# Provided material

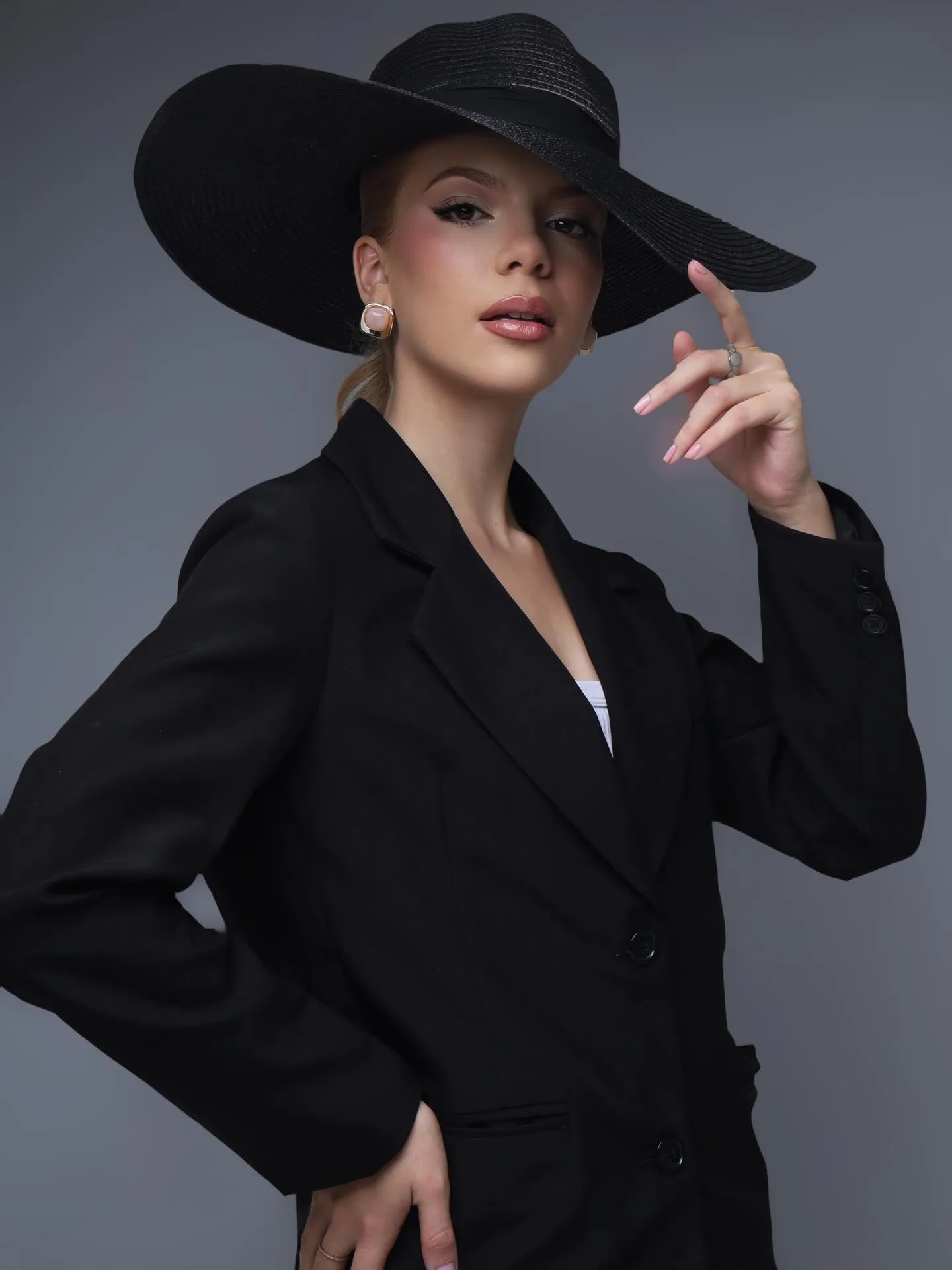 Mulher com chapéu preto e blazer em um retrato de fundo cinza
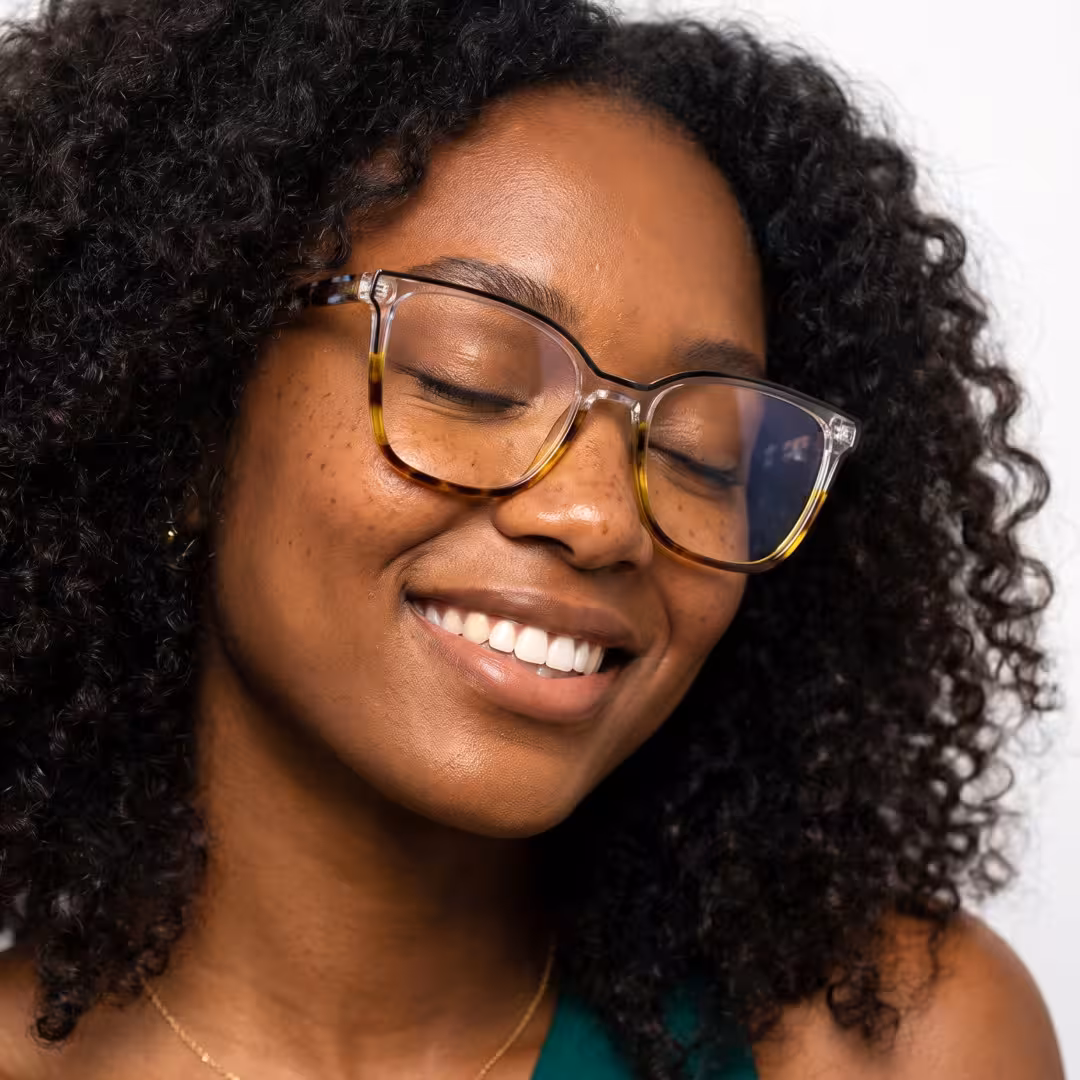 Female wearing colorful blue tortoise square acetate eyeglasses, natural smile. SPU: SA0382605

* * *

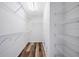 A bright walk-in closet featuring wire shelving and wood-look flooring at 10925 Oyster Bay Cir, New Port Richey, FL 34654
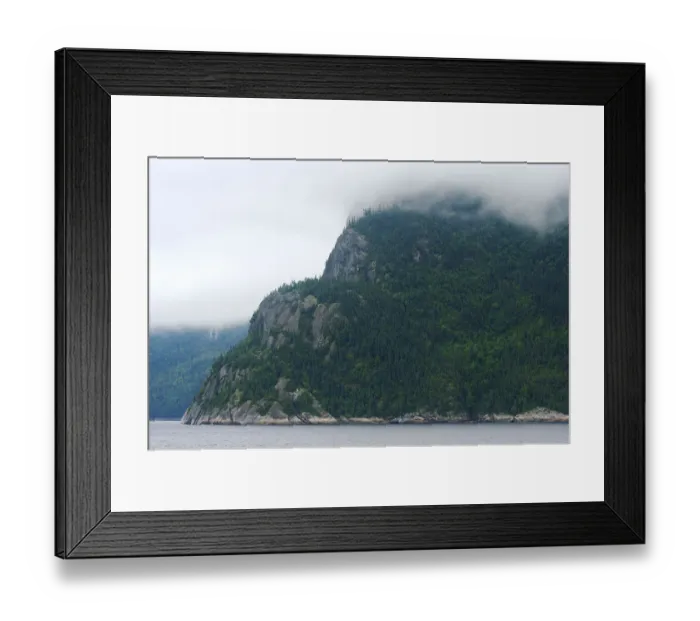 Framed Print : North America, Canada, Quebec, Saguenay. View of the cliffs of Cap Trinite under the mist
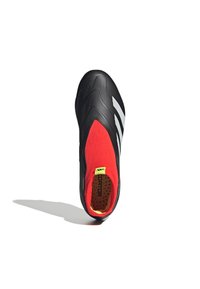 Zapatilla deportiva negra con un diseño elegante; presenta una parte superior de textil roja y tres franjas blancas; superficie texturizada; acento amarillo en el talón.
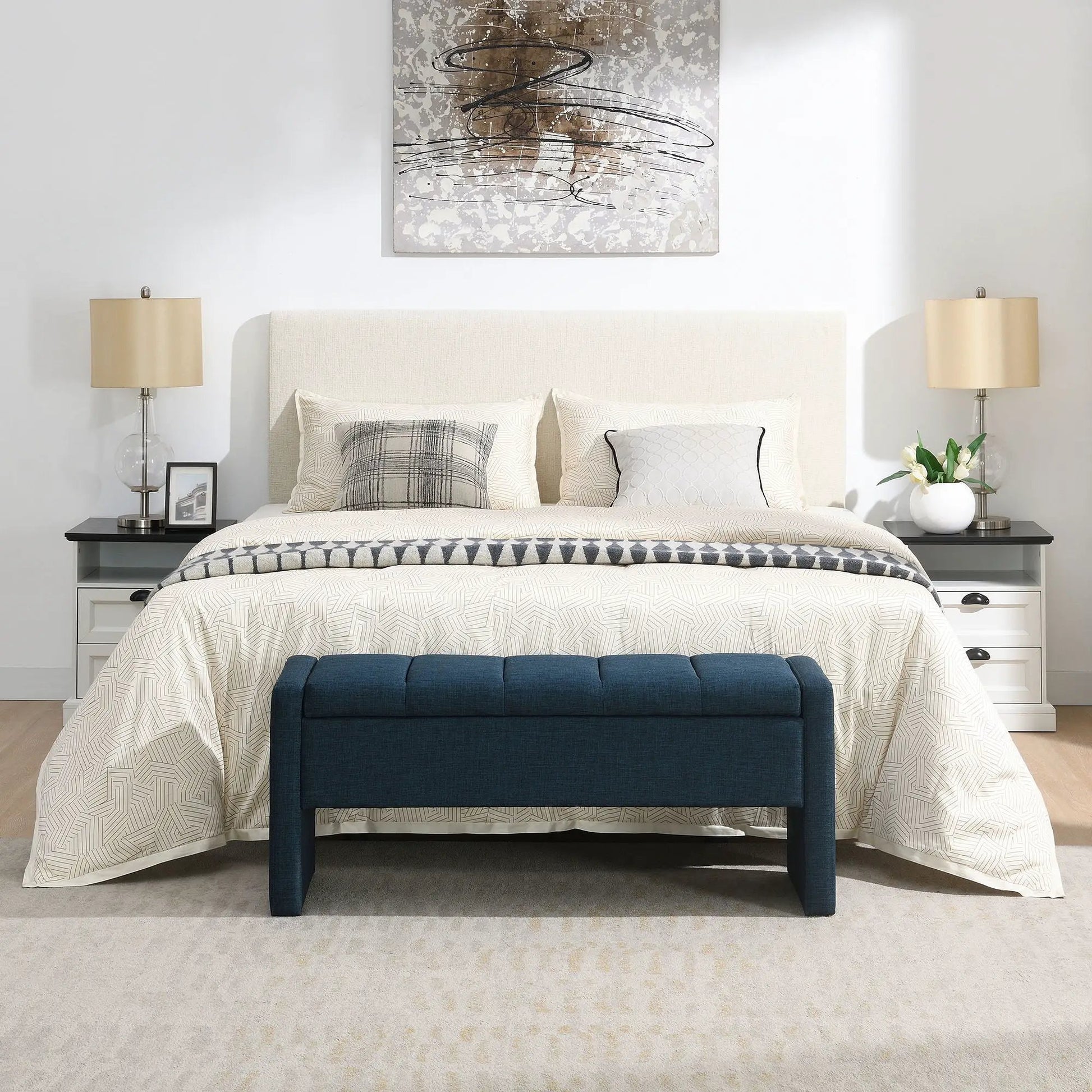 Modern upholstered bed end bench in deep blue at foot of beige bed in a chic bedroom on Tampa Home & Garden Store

* * *

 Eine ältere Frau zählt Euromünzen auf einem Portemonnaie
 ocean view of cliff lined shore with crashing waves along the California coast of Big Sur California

# Exercise requirements
Without the pictures, set down the lines above from the line with "Mulher com chapéu" up to and including the line with "Female wearing colorful" exactly as they stand.

# Exercise solution
 Mulher com chapéu preto e blazer em um retrato de fundo cinza
 Female wearing colorful blue tortoise square acetate eyeglasses, natural smile. SPU: SA0382605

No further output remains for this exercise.